Encoding Guide for Early Printed Books

document analysis schema

Classification and Naming

As indicated in the section on dividing the text, classification and naming of textual structures are important functions performed by the encoding of the text. If naming is considered as the basic identification of specific features in the text, classification is the process of grouping these more carefully by type and assigning a controlled vocabulary to the classes, using terms that represent our understanding of the relevant parts of the text.

These terms might reflect the terms used by the text itself (A Letter to the Reader, An Epistle to the Reader, Address to the Reader). Naming the divisions in this way provides some descriptive information—it could be used to create a list, for instance, of all the different kinds of sections you had named in the text. But to the extent that it is informal and unconstrained, it does not provide much analytical power. For instance, it does not provide a way of indicating that all three of these sections serve a very similar function in the overall structure of the text. It also allows for inconsistency and the proliferation of meaningless distinction, since values epistle, epistolary, and Epistle are all equally permitted.

Classification involves deciding on a formal naming convention for the structural elements in your text, based on whatever scheme is most appropriate given the nature of your interest in the text. You might decide to use terms from a standard genre thesaurus, or those used by another project with whom you will be sharing materials; you might decide to use a regularized version of the terms used by the text itself (eliminating near-duplicates such as plurals or spelling variations); you might create a taxonomy that represents analytical categories that are significant in your analysis.

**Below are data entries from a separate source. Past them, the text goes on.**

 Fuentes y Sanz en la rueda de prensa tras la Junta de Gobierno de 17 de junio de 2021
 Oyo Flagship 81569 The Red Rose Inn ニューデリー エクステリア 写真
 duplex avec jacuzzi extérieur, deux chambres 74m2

The resulting controlled vocabulary of values for the type attribute of div has several very important functions. First, it can be added to your schema (using the TEI customization mechanism). This makes it possible to constrain your encoding so that only permitted values are used, eliminating inconsistencies and casual errors. It also makes it possible to document the meaning and range of application for each value, so that your encoders or colleagues can use them consistently, and so that collaborators can identify commonalities and understand the meaning of your classification. It can also help support the interface you may build for readers, for instance by providing a list of search terms rather than leaving it for the reader to guess what kinds of genres your texts contain.

This means that a very important task, early in the project planning, is to examine the texts to be encoded and decide on what the significant subdivisions are and what terminology you will use to describe them. These decisions can and should be revisited as you progress, since you may well encounter unforeseen textual structures.